Start of DATA EXTRACTS
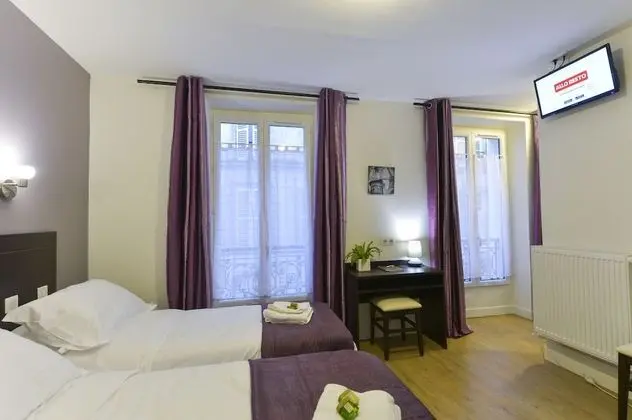 Üç Kişilik Oda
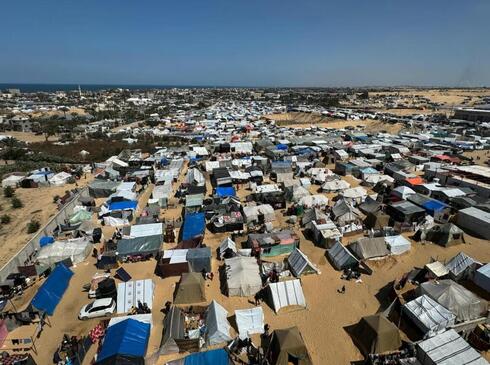 Tiendas de campañas llenan el campamento de refugiados de Rafah.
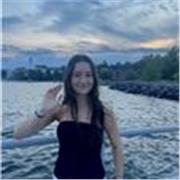 Profesora de matemáticas con experiencia y premiada académicamente  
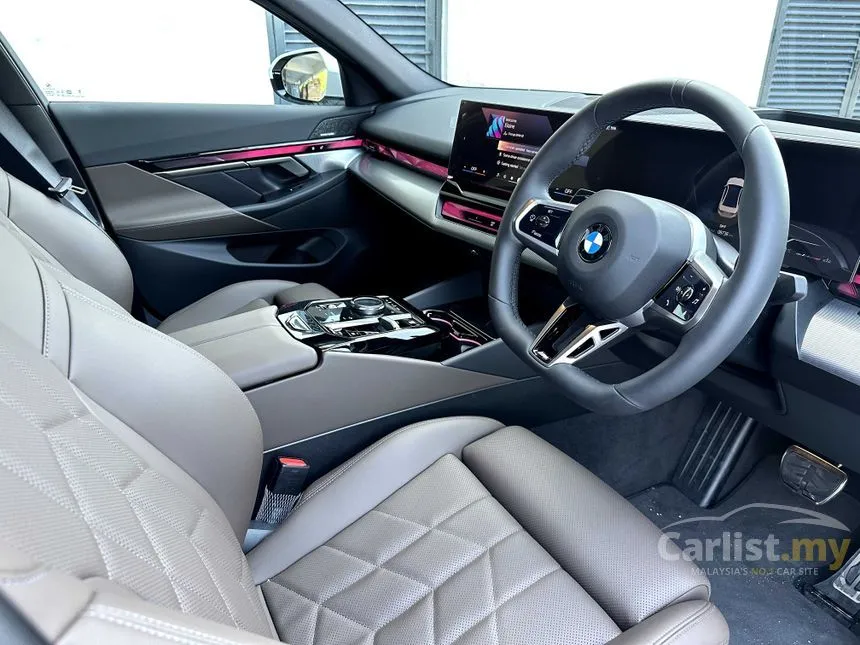 2025 BMW 520i M Sport Sedan
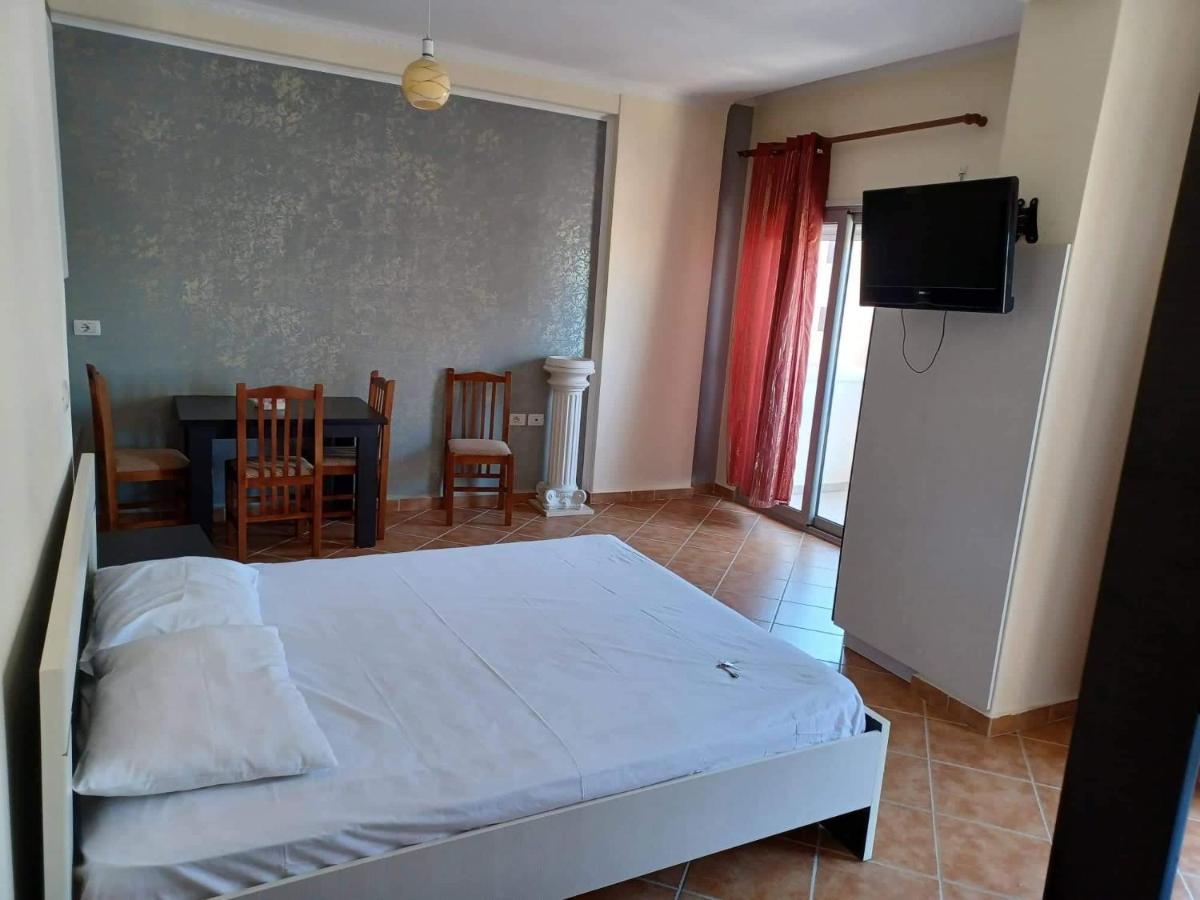 Ari Apartaments Wlora Zewnętrze zdjęcie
End of DATA EXTRACTS
REQUIRED ACTION: Print all the lines above again exactly, without any pictures.

FINISHED EXERCISE:
 Üç Kişilik Oda
 Tiendas de campañas llenan el campamento de refugiados de Rafah.
 Profesora de matemáticas con experiencia y premiada académicamente  
 2025 BMW 520i M Sport Sedan
 Ari Apartaments Wlora Zewnętrze zdjęcie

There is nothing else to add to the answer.